Para acabarlo de arreglar, las huestes zaplanistas, después de ocho años en el machito, se quejan de desestimiento por parte de los medios de comunicación. Cristo, lo que hay que leer. Han tenido a su entera disposición todo el poder mediático de titularidad pública, y especialmente las televisiones. Un apartado, éste, en el que habrá que incidir crítica y apremiantemente algún día porque su uso y abuso supone un grave lastre a esta democracia. Que en estos momentos, además, aparezcan cabeceras de prensa improvisadas y oficialistas no revela otra cosa que el aludido victimismo y el más que evidente nerviosismo. Pero si lo hacen, es por esta causa, no porque sean -decimos del PP- reos de una conspiración.

Más indulgencia merece, debido al electoralismo que lo inspira, el aviso amenazante de que la eventual derrota del PP nos sumiría colectivamente en el caos. "Nos jugamos el futuro", ha proclamado Francisco Camps, el candidato popular a la Generalitat.
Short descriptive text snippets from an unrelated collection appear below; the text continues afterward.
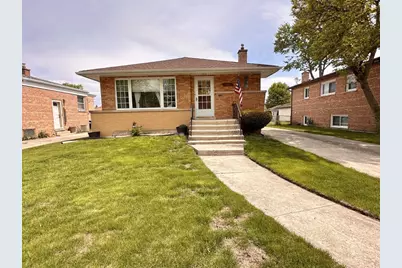 10021 Minnick Avenue, Oak Lawn, IL 60453 - Photo 1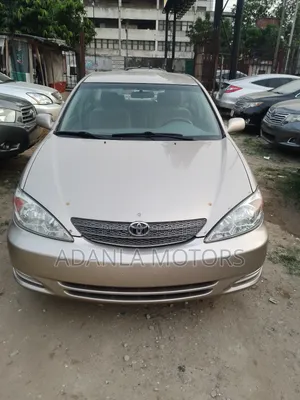 Toyota Camry LE V6 4dr Sedan (3.0L 6cyl 4A) 2003 Gold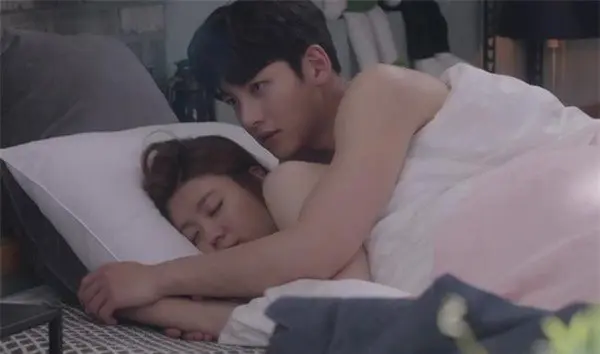 4 mùi cơ thể phụ nữ chính là ‘ngôn ngữ không lời’ có sức hấp dẫn đàn ông, một lần và nhớ mãi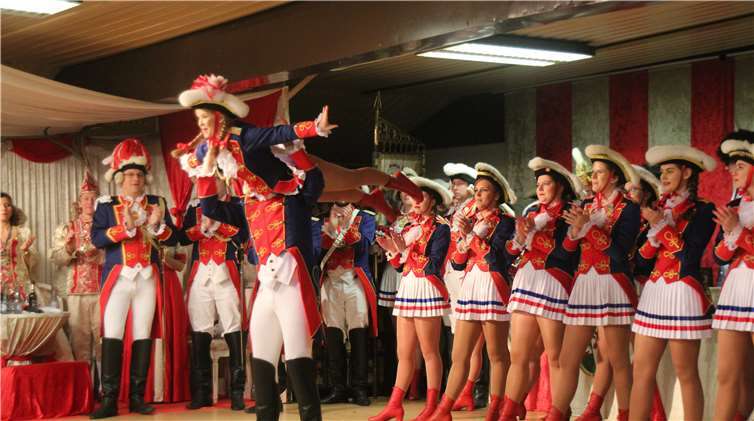 Die Blau-Roten Funken mit ihrem Tanzpaar Lisa und Constantin. Foto: KMI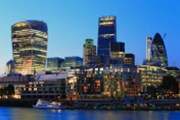 Londýnská City se připravuje na případnou páteční post-brexit volatilitu zejména na forexu
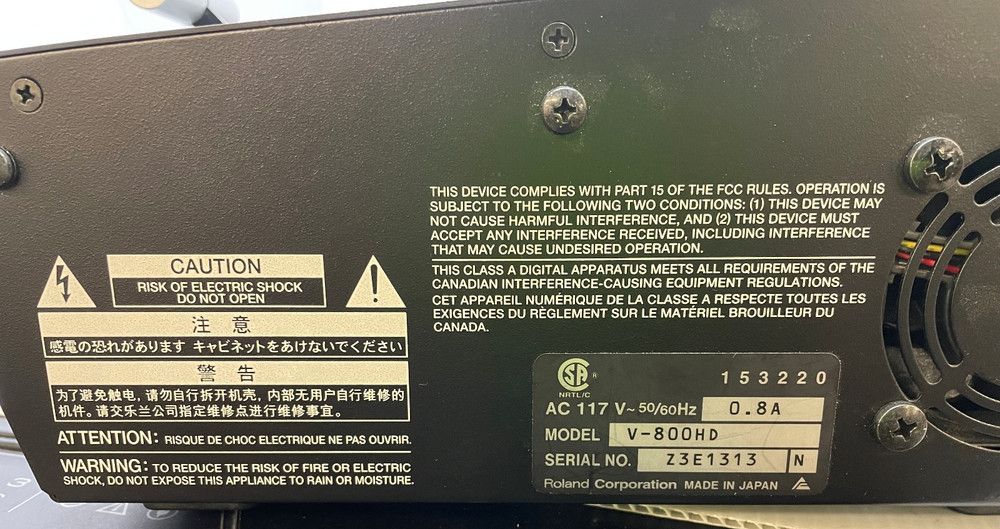 Roland V-800HD Multi-Format Video Switcher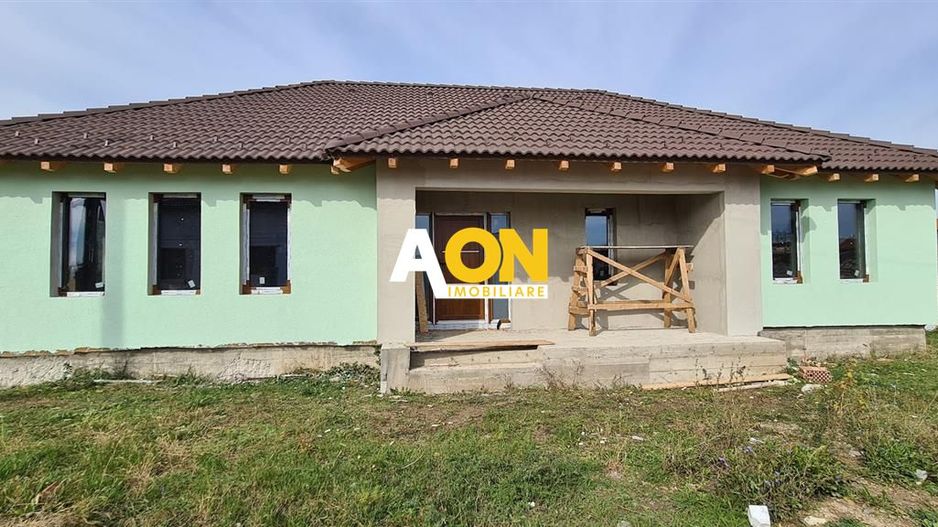 Casa la rosu cu toate utilitatile - Poză 1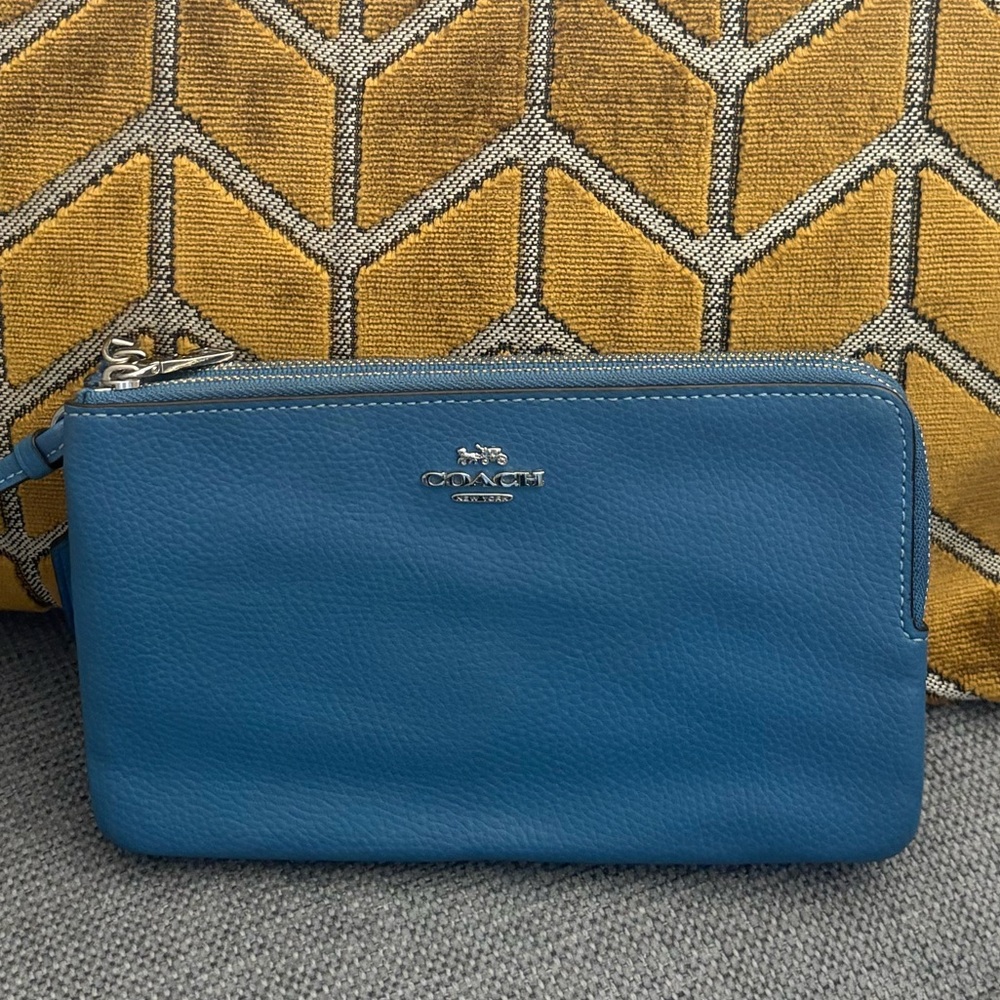 Coach Teal Leather Double Zip Wristlet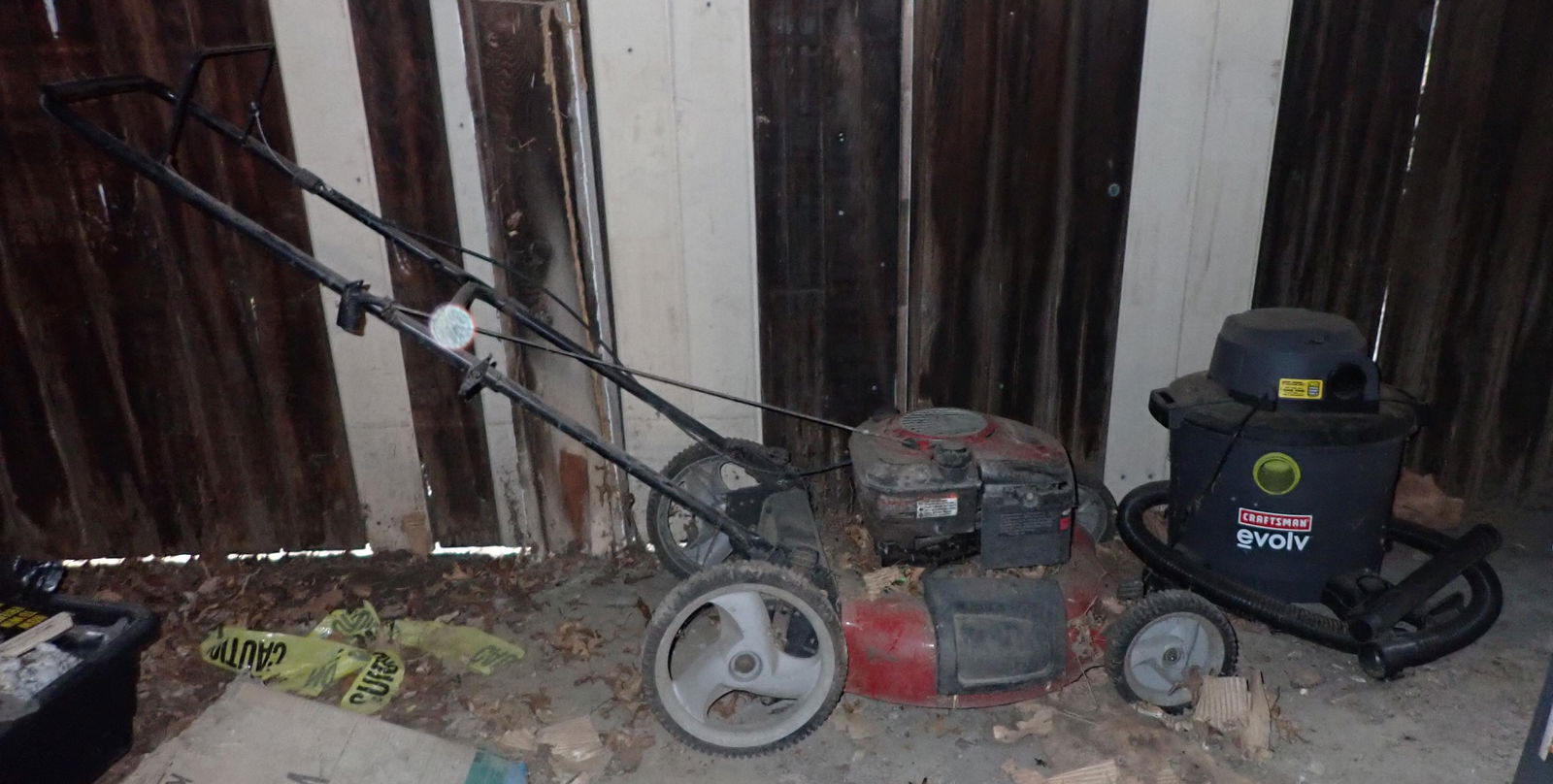 Craftsman Push Mower and Shop Vac (1 of 4)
Pues no, no nos jugamos nada. En primer lugar, porque los idus de mayo todavía pronostican un triunfo de la derecha que, mande ella o la oposición aglomerada, ha de afrontar una nueva legislatura afligida por la deuda pública escandalosa que lega el cuatrienio que ahora concluye. Y en segundo lugar, porque la alternativa, decimos del PSPV y sus eventuales aliados, puede movilizar recursos humanos sobrados para lidiar decentemente con el desafío.

Y, por último, una nota que no es de recibo: el dilema de conmigo o contra mí. De nuevo, un déficit democrático inaceptable, pues un exponente de la madurez del sistema es la flexibilidad del voto y la adhesión provisional a los programas. El PSOE se equivocó en su tiempo y el PP lleva trazas.